__EXERCISE DETAILS__:
Below are records to reproduce in full; copy them exactly but keep the pictures out.

__DATA FOR REVIEW__:
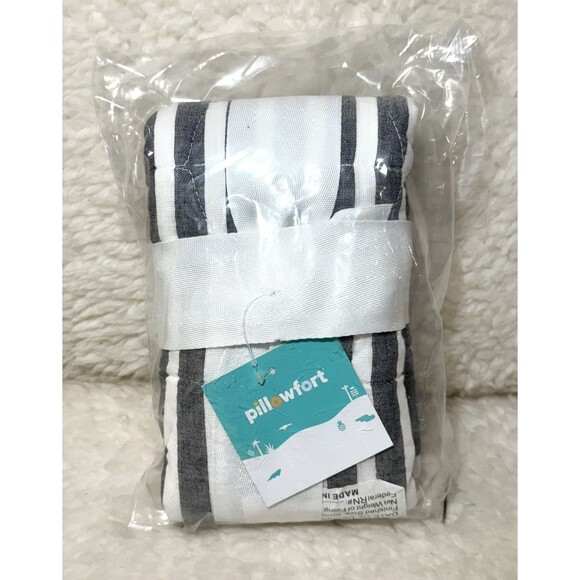 Chambray Striped Kids' Sham - Pillowfort - Picture 3 of 5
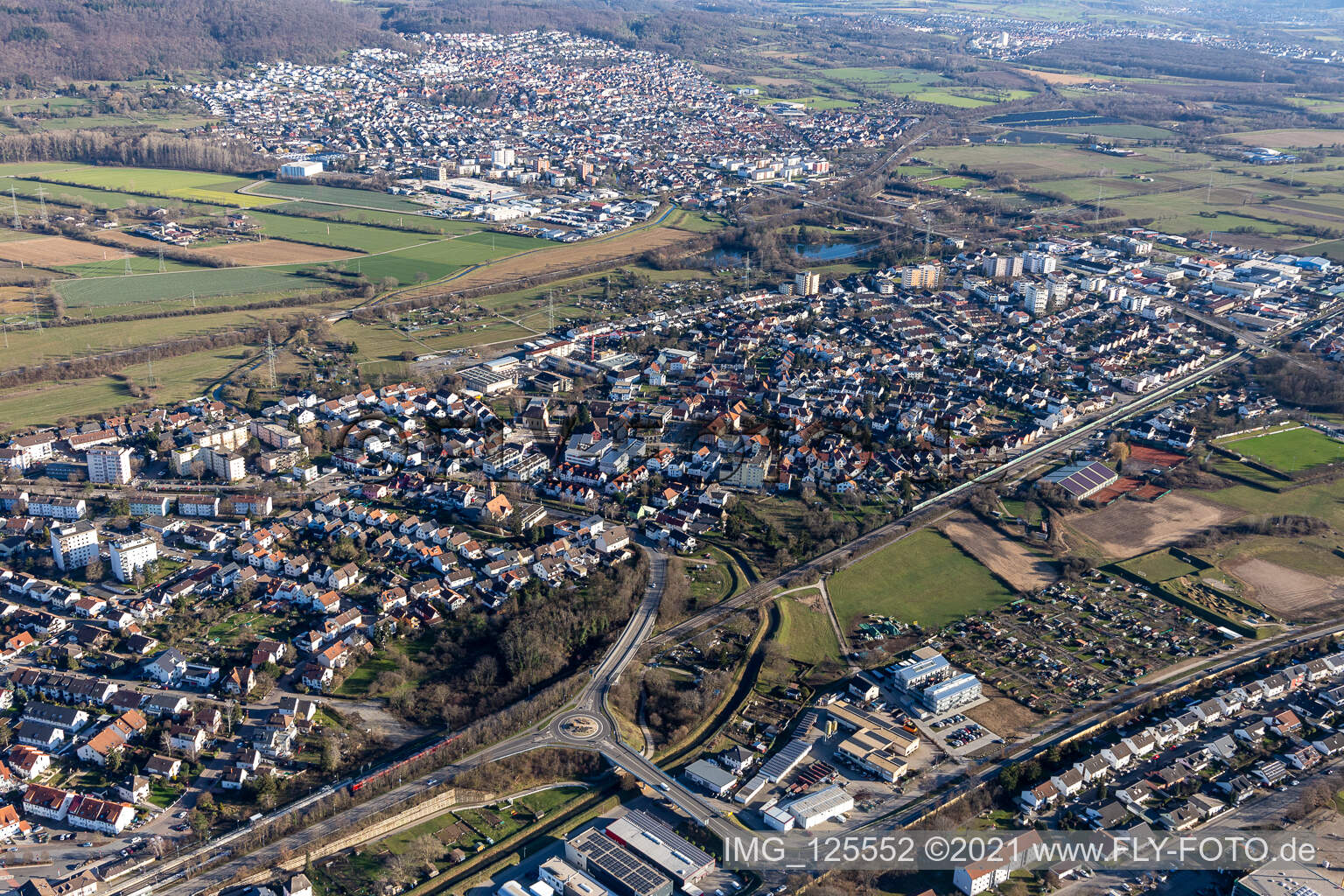 Photographie aérienne de Leimen dans le département Bade-Wurtemberg, Allemagne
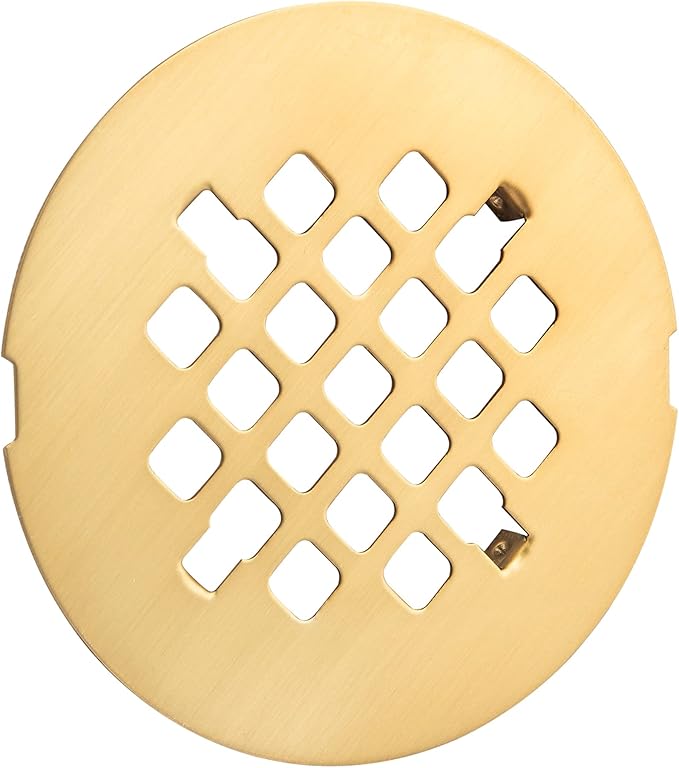 Artiwell 4-1/4” OD Snap-in Shower Drain Cover, Round Shower Drain Strainer Grid, Replacement Cover, Designed for Long-Lasting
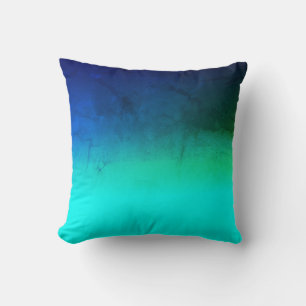 Elégante Coussin Turquoise Vert Bleu Minimaliste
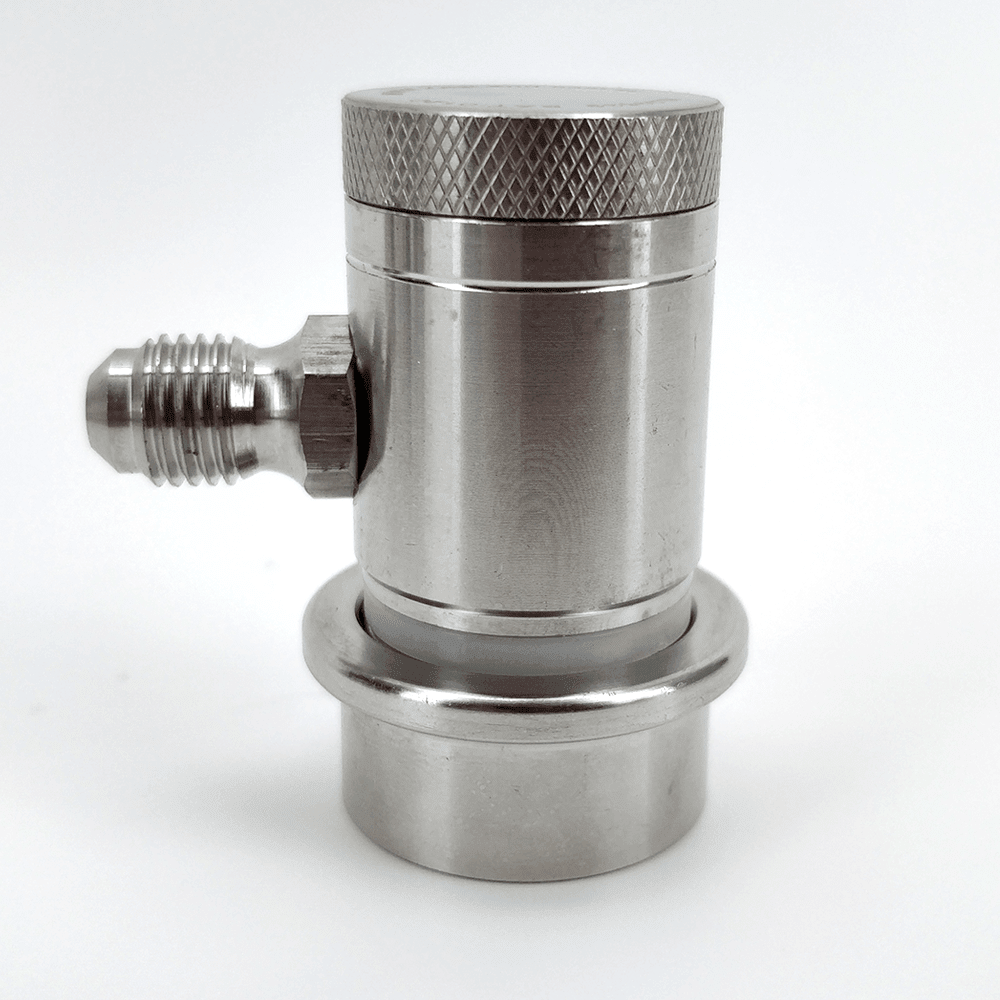 Machined stainless ball lock disconnect MFL thread grey gas
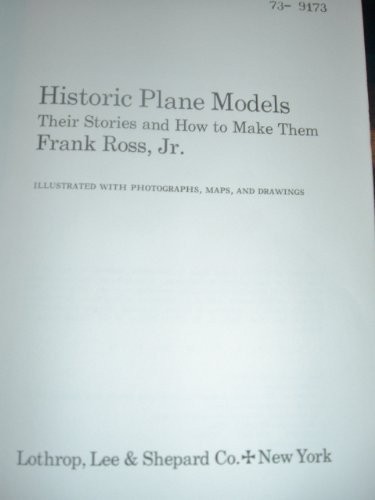 Historic plane models: their stories and how to make them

__ANSWER AREA__:
 Chambray Striped Kids' Sham - Pillowfort - Picture 3 of 5
 Photographie aérienne de Leimen dans le département Bade-Wurtemberg, Allemagne
 Artiwell 4-1/4” OD Snap-in Shower Drain Cover, Round Shower Drain Strainer Grid, Replacement Cover, Designed for Long-Lasting
 Elégante Coussin Turquoise Vert Bleu Minimaliste
 Machined stainless ball lock disconnect MFL thread grey gas
 Historic plane models: their stories and how to make them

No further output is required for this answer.